Data:
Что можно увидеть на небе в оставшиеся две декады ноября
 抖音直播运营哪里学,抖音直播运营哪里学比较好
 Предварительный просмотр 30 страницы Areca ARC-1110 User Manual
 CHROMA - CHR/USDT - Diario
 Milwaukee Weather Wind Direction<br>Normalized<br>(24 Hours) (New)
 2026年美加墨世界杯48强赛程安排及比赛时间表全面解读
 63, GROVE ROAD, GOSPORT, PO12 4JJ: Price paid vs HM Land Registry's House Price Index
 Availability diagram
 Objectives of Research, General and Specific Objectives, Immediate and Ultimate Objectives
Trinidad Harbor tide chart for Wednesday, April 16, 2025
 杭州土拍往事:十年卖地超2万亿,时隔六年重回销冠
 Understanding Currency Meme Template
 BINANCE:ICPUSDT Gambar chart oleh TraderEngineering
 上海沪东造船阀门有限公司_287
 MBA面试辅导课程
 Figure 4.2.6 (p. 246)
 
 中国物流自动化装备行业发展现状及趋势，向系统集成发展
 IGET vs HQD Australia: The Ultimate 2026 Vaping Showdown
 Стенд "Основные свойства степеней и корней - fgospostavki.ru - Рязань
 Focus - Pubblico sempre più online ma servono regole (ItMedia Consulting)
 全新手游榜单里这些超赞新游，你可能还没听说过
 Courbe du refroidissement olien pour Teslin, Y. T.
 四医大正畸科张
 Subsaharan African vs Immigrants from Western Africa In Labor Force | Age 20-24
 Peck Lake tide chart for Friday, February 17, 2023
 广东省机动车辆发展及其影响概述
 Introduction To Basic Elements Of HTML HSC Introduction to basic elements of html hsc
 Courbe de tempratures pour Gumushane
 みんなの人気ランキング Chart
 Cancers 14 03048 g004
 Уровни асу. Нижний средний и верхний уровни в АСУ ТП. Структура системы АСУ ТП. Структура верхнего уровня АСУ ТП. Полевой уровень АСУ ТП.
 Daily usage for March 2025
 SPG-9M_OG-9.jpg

Activity: Each line of the records above, from the first through the one containing "みんなの人気ランキング Chart", is to be retyped exactly; no other line belongs.

Result of this exercise:
Что можно увидеть на небе в оставшиеся две декады ноября
 抖音直播运营哪里学,抖音直播运营哪里学比较好
 Предварительный просмотр 30 страницы Areca ARC-1110 User Manual
 CHROMA - CHR/USDT - Diario
 Milwaukee Weather Wind Direction<br>Normalized<br>(24 Hours) (New)
 2026年美加墨世界杯48强赛程安排及比赛时间表全面解读
 63, GROVE ROAD, GOSPORT, PO12 4JJ: Price paid vs HM Land Registry's House Price Index
 Availability diagram
 Objectives of Research, General and Specific Objectives, Immediate and Ultimate Objectives
Trinidad Harbor tide chart for Wednesday, April 16, 2025
 杭州土拍往事:十年卖地超2万亿,时隔六年重回销冠
 Understanding Currency Meme Template
 BINANCE:ICPUSDT Gambar chart oleh TraderEngineering
 上海沪东造船阀门有限公司_287
 MBA面试辅导课程
 Figure 4.2.6 (p. 246)
 
 中国物流自动化装备行业发展现状及趋势，向系统集成发展
 IGET vs HQD Australia: The Ultimate 2026 Vaping Showdown
 Стенд "Основные свойства степеней и корней - fgospostavki.ru - Рязань
 Focus - Pubblico sempre più online ma servono regole (ItMedia Consulting)
 全新手游榜单里这些超赞新游，你可能还没听说过
 Courbe du refroidissement olien pour Teslin, Y. T.
 四医大正畸科张
 Subsaharan African vs Immigrants from Western Africa In Labor Force | Age 20-24
 Peck Lake tide chart for Friday, February 17, 2023
 广东省机动车辆发展及其影响概述
 Introduction To Basic Elements Of HTML HSC Introduction to basic elements of html hsc
 Courbe de tempratures pour Gumushane
 みんなの人気ランキング Chart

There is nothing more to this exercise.